:: Task prompt ::
Copy only what lies from the line containing "Termo bomba de" through the line containing "Bath - 12800" in the entries below, keeping both end lines exact and dropping every picture.

:: Provided entries ::
»»

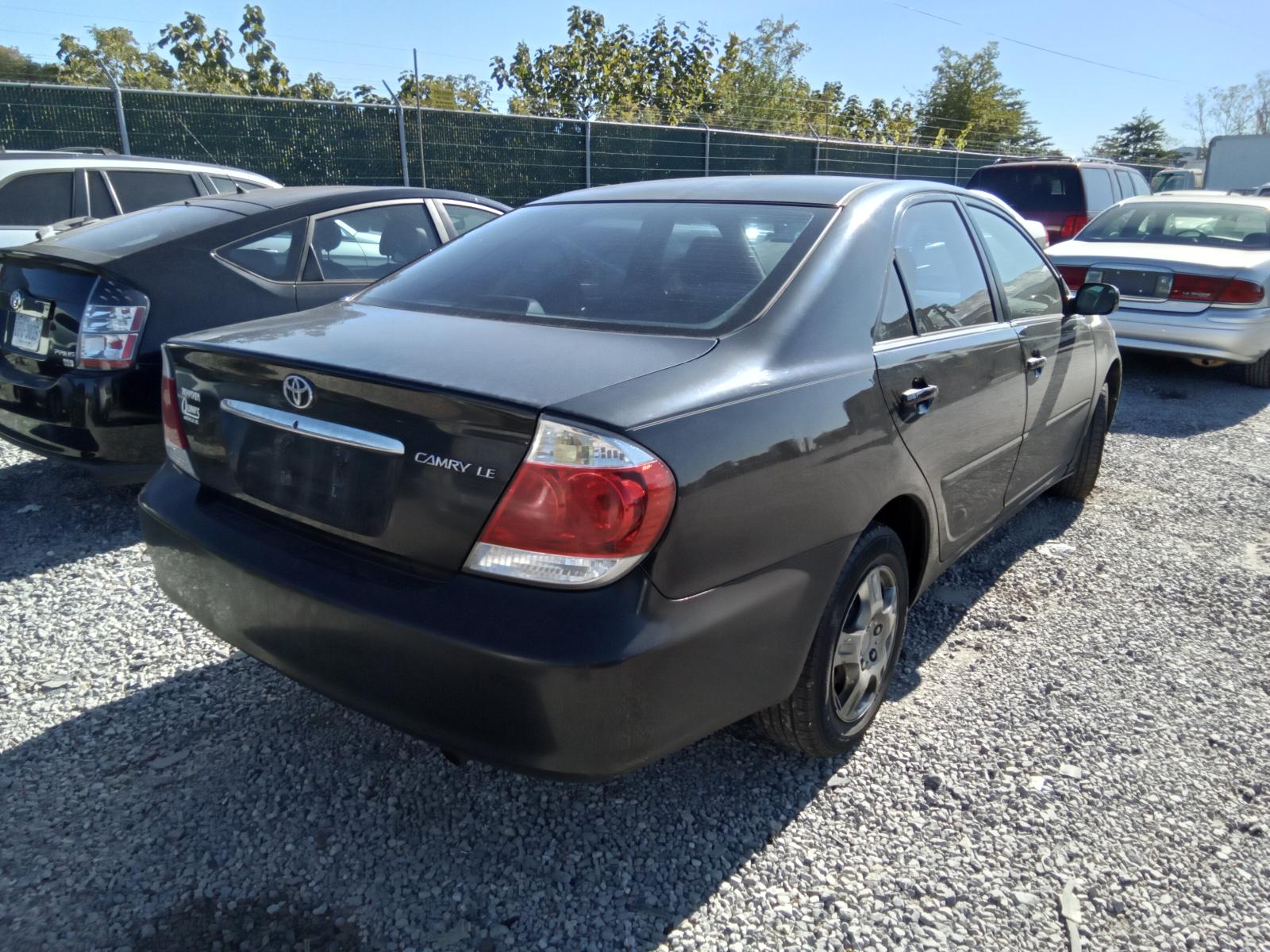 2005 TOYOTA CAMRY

««
»»

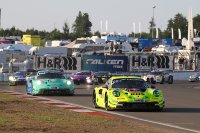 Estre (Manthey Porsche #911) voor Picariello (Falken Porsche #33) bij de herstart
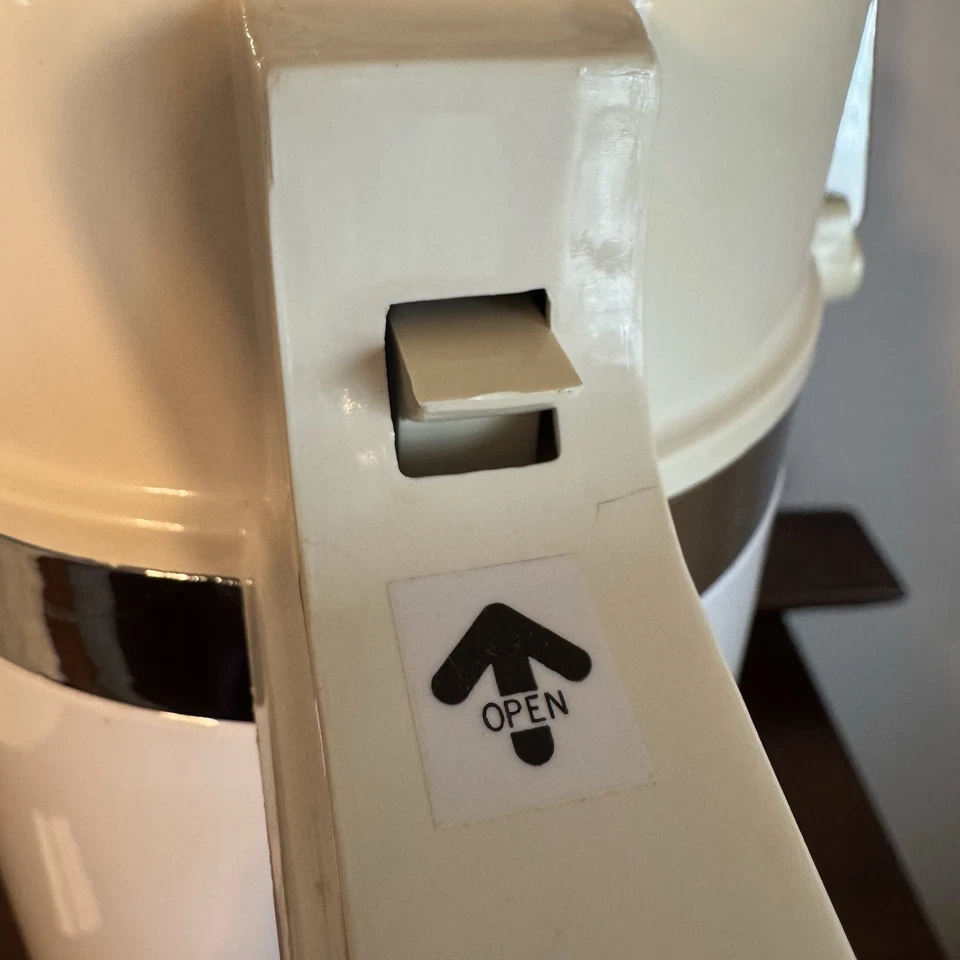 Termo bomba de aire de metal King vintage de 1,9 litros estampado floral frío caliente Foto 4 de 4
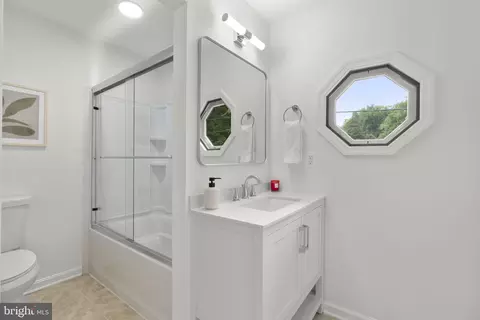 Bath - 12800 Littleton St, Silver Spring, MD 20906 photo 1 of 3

««
»»

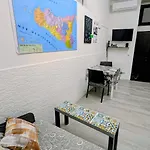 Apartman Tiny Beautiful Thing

««

:: Written response ::
 Termo bomba de aire de metal King vintage de 1,9 litros estampado floral frío caliente Foto 4 de 4
 Bath - 12800 Littleton St, Silver Spring, MD 20906 photo 1 of 3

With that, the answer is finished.